Clearly the preparation of such a statement will require serious consideration, which is recognised in the Act. Before the statement is prepared or revised the trustees must "obtain and consider the written advice of a person who is reasonably believed by the trustees to be qualified by his ability in and practical experience of financial matters and to have the appropriate knowledge and experience of the management of the investments of such schemes". The trustees must also consult the employer before preparing or revising the statement. The Act does not say so, but obviously this consultation should be formal and well-documented.  

Trustees of large schemes often consider their investment objectives in some detail already and frequently have the services of an investment adviser to assist them. But the Act does not distinguish between large schemes and small schemes, between schemes with specialist benchmarks and those without, between schemes with segregated portfolios and those using managed funds, or indeed between self administered schemes and insured schemes. It does, however, give the DSS the power to exempt "any scheme which falls within a prescribed class or description".  

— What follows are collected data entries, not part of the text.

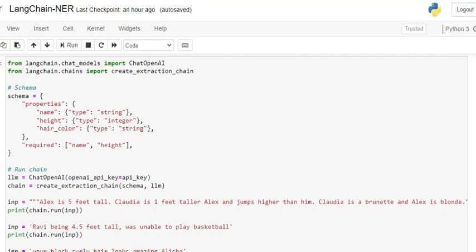Let's get started. First of all, we'll be importing two major things: one is create extraction chain and the other is chat open AI. For that, you first need to have LangChain installed in your system. If you don't have it, do pip install langchain. Once you're done with it, move on to the schema part.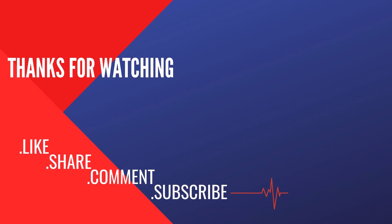Thanks for watching. Do like, share, and comment on our videos. Also, subscribe to our channel.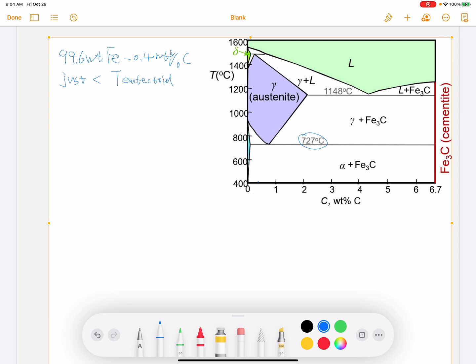This point is approximately at 0.4 weight percentage carbon, just below the eutectoid temperature. What we would like to find out is the compositions of each of the alpha phase and cementite phase, because at this point it is a two-phase mixture region.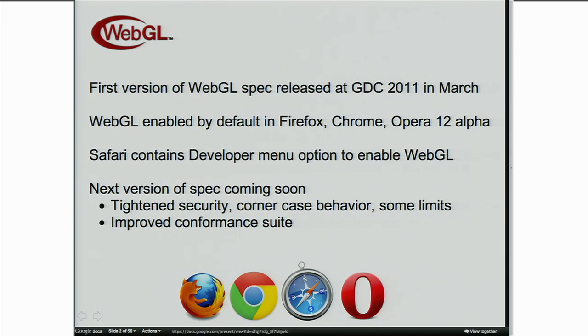By way of introduction, where does WebGL stand today? The first version of the spec was released at GDC 2011 back in March, and it was pretty exciting. At this point, WebGL is enabled by default in Firefox, Chrome, and in the forthcoming Opera 12 release. Safari 5.1 contains a developer menu option to turn it on.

It is to be hoped that when the DSS regulations are issued they will be lenient on small schemes whose liabilities are not significantly out of line with other such schemes and for whom the cost of an asset liability study leading to the preparation of a detailed statement of investment principles might well outweigh the benefits of an individual investment strategy.

Who's that actuary?

The Pensions Act creates a number of new civil and criminal offences, one of the more interesting of which is the heinous crime of impersonating a scheme actuary. Why would anyone want to impersonate an actuary?  

Answers on a postcard...

The BA Affair

It is rare that the actions of a board of pension trustees make headline news unless serious malfeasance is involved. But that is exactly the situation that the trustees of one of the British Airways pension schemes found themselves in recently. In a well-publicised ruling, the Pensions Ombudsman, Julian Farrand, determined that the trustees were” in breach of trust and guilty of maladministration".  

Yet this is no small, second line company whose senior executives dominate the trustee board. British Airways is a very major corporation; its schemes have had 50% member appointed trustees for many years. Those trustees are supported by a strong and well-resourced internal executive and have access to the best advisors. How then could they find themselves in such an embarrassing and potentially damaging situation?  

In the BA case, the Ombudsman did not overturn or criticise a decision of the trustees. He did, however, direct that they should formally consider the exercise of one of their powers as outlined in the scheme's trust deed, recognising that the actual decision "must remain a decision not for me but for the trustees".  

What was on trial was not the conclusions reached by the trustees but the process that led them to reach those conclusions.  

Effective governance means ensuring that good decisions are taken by the right people at the right time having given due regard to all relevant factors. It also means being able to demonstrate, perhaps long after the event, that the proper procedures have been followed.  

Pensions governance is in some ways more difficult than corporate governance because of the inherent conflicts of interest of the parties involved. The trend in corporate governance is towards greater independence on the board. Key board committees, specifically remuneration and audit, are dominated by independent non-executive directors who should be free of the conflicts of interest facing their executive colleagues. For pension schemes without an independent trustee the avoidance of such conflicts on the trustee board is not an option, so their management becomes even more important.  

The lessons of the affair are that trustees must ensure that their decision-making process, including any consultation with the company, is fully documented and retained for future reference.